Bukan hanya itu, teknik pembuatan kain ini pun mampu menghasilkan warna putih dengan teknik yang sangat tinggi. Kain putih dihasilkan dari pohon terpilih. Pada zaman dulu, kulit pohon yang menghasilkan warna putih sangat terbatas. Kebanyakan menghasilkan warna cokelat seperti dari pohon beringin yang tumbuh di beberapa tempat.
“Kain berwarna cokelat atau krem yang biasa digunakan di Indonesia, untuk kebutuhan sehari-hari dan dari kalangan biasa, “ujar Sakamoto. Namun Fuya yang berwarna putih memiliki makna khusus, yakni sebagai penghubung manusia dan Tuhan. Karena itu, di kalangan masyarakat Lembah Bada, ada syair berbunyi: Tuhan mengirim Fuya yang putih, sebagai penghubung antara Tuhan dan manusia.
Sayangnya, Fuya saat ini hanya bisa dipesan melalui nenek-nenek yang sudah renta, seperti Sofi. Generasi yang lebih muda di sana tidak bisa menghasilkan Fuya berkualitas tinggi. Hal ini dikhawatirkan akan memutus generasi pembuat Fuya yang berkualitas.
Sementara Endang S Thohari, Ketua Harian PIRA (Perempuan Indonesia Raya) yang hadir sebagai pembahas meminta kepada pemerintah agar melakukan langkah perlindungan terhadap Fuya dengan cara melakukan analisa sosial budaya (socio cultural). “Fuya adalah ekonomi kerakyatan yang berbasis kearifan lokal,” katanya.
Karena menggunakan bahan dasar kayu, maka perlu adanya inventarisasi dan identifikasi kayu dalam usia berapa saja yang boleh ditebang. Hal ini untuk tetap menjaga kelestarian alam dan ketersediaan kayu tersebut bagi masyarakat setempat. Apalagi kawasan Lembah Bada yang masuk dalam Taman Nasional Lore Lindu, yang merupakan hamparan rumput yang luas, wajib dilindungi.
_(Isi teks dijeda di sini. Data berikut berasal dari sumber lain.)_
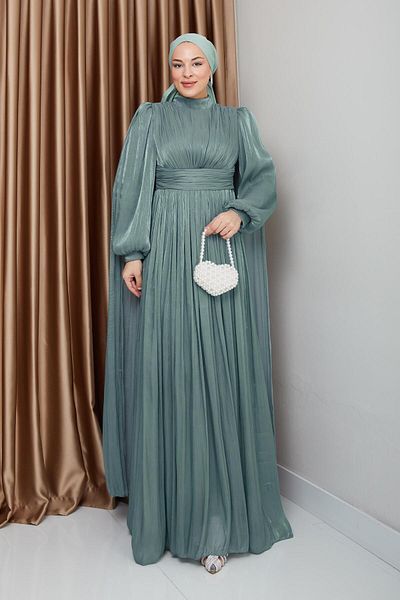 Olcay Yorgo Seiden-Abendkleid mit Hijab und Gürtel und Cape-Detail, Wassergrün 1237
Di kawasan ini, selain hidup masyarakat pembuat Fuya juga situs megalitikum berupa patung batu berukuran raksasa yang hanya ditemukan di sana dan Amerika Latin. Maka, pelestarian Fuya sama artinya dengan upaya melestarikan lingkungan hidup.
Pendekatan sosial budaya dan lingkungan menjadi sangat penting, justru agar tidak dirusak oleh kepentingan asing yang hanya memanfaatkan masyarakat demi urusan ekonomi semata. Ekonomi kerakyatan yang dikembangkan dalam pembuatan Fuya oleh masyarakat di Lembah Bada harus dilestarikan, sekaligus melestarikan lingkungan yang selama ini memberi hidup bagi masyarakat di sana.